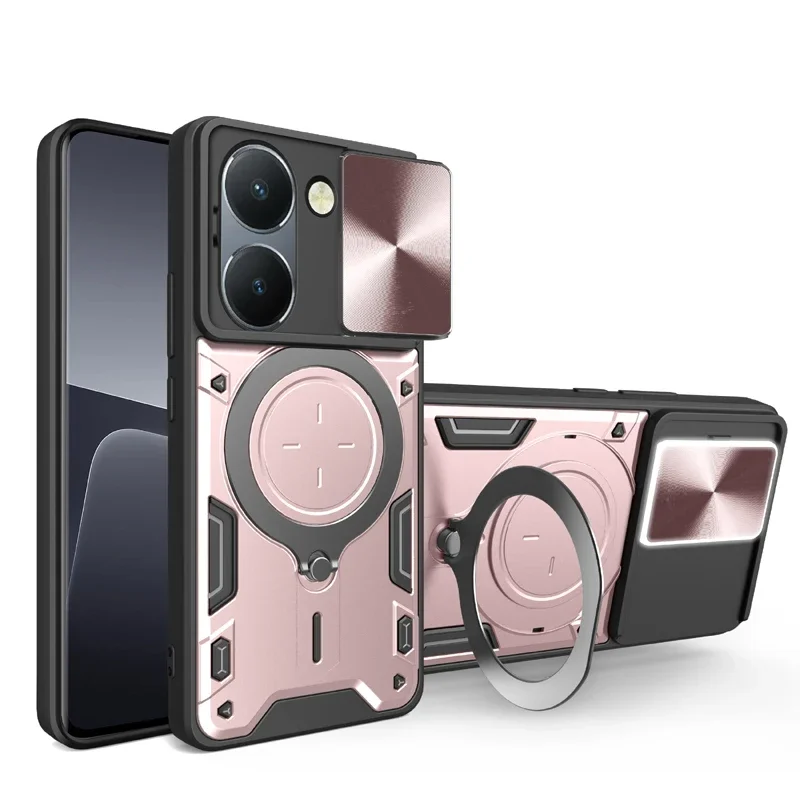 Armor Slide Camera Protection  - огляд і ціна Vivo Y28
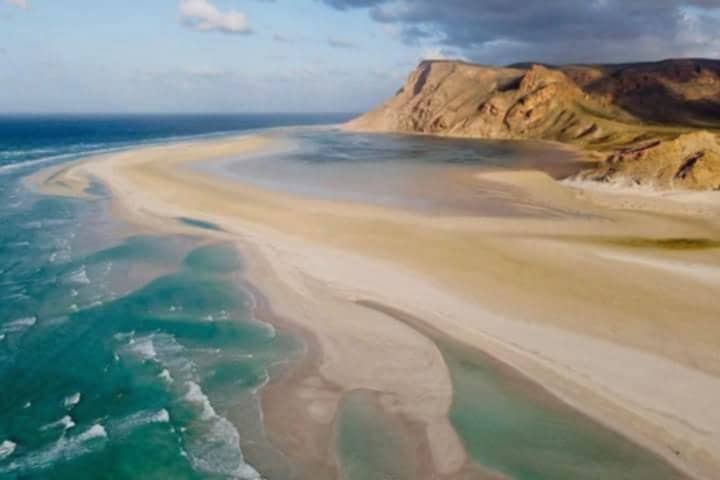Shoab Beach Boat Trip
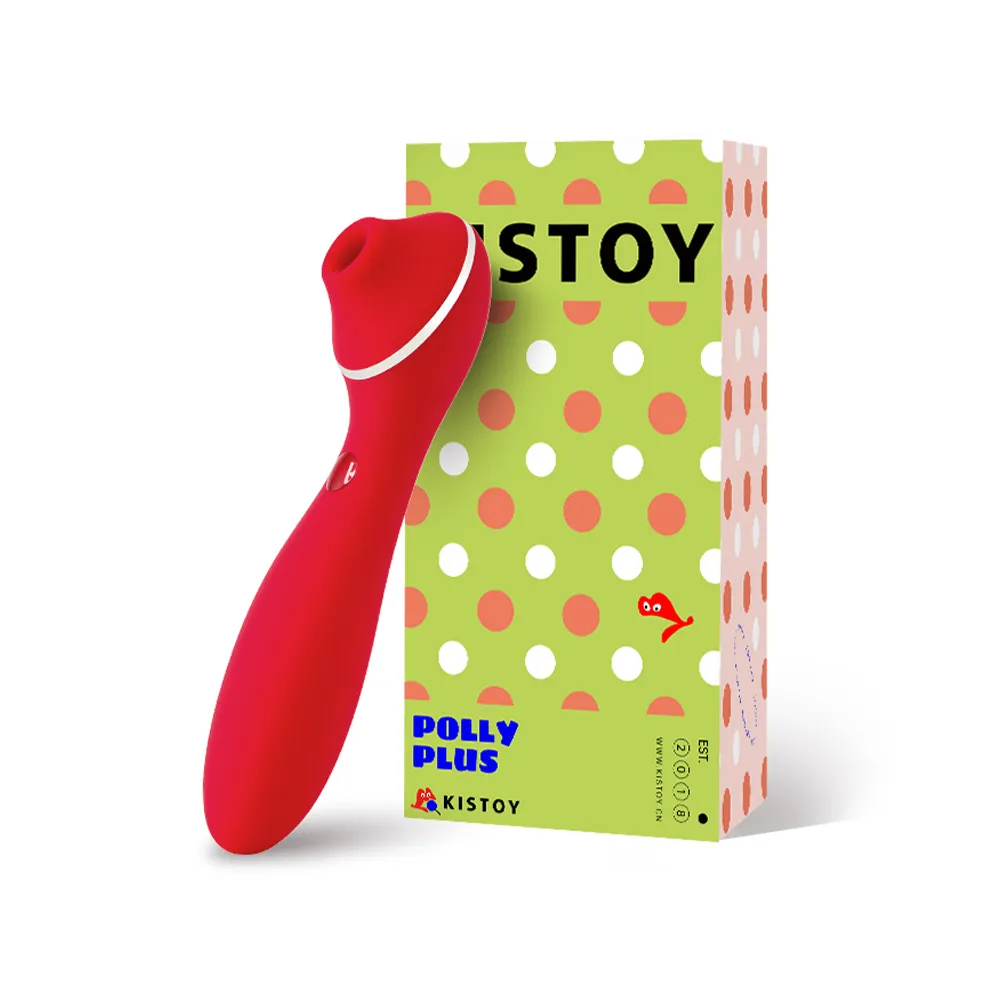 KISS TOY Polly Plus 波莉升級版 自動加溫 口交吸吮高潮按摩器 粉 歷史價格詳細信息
══════════
Retype the whole listing above exactly as written. Skip the pictures.

*SOLUTION TO THIS PROBLEM:*
 Armor Slide Camera Protection  - огляд і ціна Vivo Y28
Shoab Beach Boat Trip
 KISS TOY Polly Plus 波莉升級版 自動加溫 口交吸吮高潮按摩器 粉 歷史價格詳細信息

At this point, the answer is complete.